La historia de Chefchaouen se remonta al siglo XV. Cuenta una leyenda que mientras la península ibérica aún vivía bajo la ocupación árabe y enfrentaba la reconquista cristiana, un emir llamado Ali Ben Rachid decidió fundar un refugio seguro para su pueblo en las montañas del Rif, en el norte de Marruecos. Huyendo del creciente conflicto, Rachid y su séquito cruzaron el estrecho de Gibraltar, llevando consigo sus pertenencias y esperanzas de encontrar paz en una nueva tierra. Junto a él viajaba su enamorada Zhora, una joven andaluza que añoraba profundamente los paisajes de su tierra natal.
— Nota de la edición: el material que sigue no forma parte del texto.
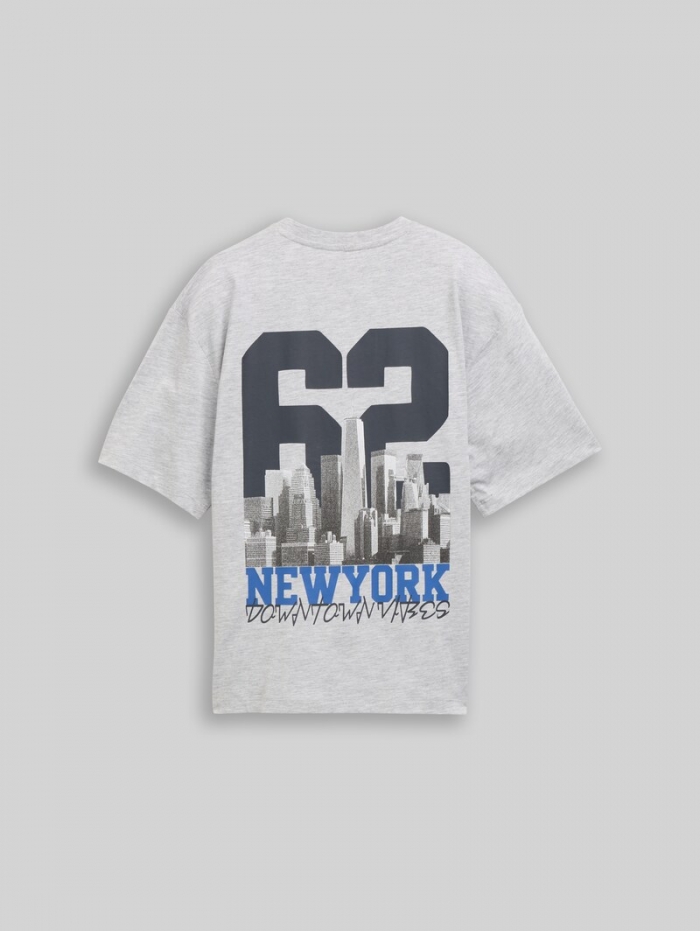 Tom Tailor Oversize T-Shirt mit Foto-Rückenprint - Light Stone Grey Melange Tom Tailor Oversize T-Shirt mit Foto-Rückenprint - Light Stone Grey Melange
Los fértiles suelos de Andalucía, con sus ríos y cielos azules, eran un recuerdo constante. Por eso, para calmar su nostalgia y ofrecerle un consuelo en medio del exilio, Ali Ben Rachid tuvo una idea extraordinaria: ordenó pintar las casas de la nueva ciudad de diferentes tonos de azul, replicando el cielo y las aguas que Zhora tanto añoraba.
Así, en 1471, nació Chefchaouen, una ciudad que desde sus inicios se vistió del color del cielo, creando un pintoresco paisaje donde el azul de las casas sobresale sobre el entorno montañoso que las rodea.
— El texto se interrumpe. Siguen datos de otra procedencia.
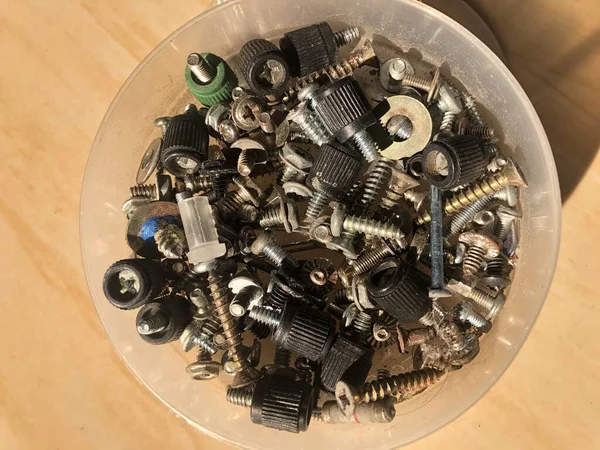 stock image metal nuts, bolts and screws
Su distintivo color, además de embellecer la ciudad, fue símbolo de refugio para quienes huían de la inestabilidad del territorio que tenían enfrente.
Un mar de casas
Nuestro recorrido comenzó al aterrizar en el bullicioso puerto de Tánger, donde el mar Mediterráneo y el Atlántico se encuentran. A medida que nos acercábamos a Chefchaouen, o Chaouen, como también la llaman los locales, la vegetación era cada vez más densa y el aire se iba sintiendo más fresco, anunciando la proximidad a las montañas. De pronto, aunque aún distantes, las casas comenzaron a aparecer en diversos tonos de azul, contrastando con el verde del entorno. Nuestra emoción alcanzó su punto máximo cuando, tras una última curva, la ciudad azul apareció ante nuestros ojos. La vista desde lejos era alucinante: un auténtico mar de casas pintadas en tonos que iban del celeste más claro hasta el cobalto más profundo, brillando bajo el sol.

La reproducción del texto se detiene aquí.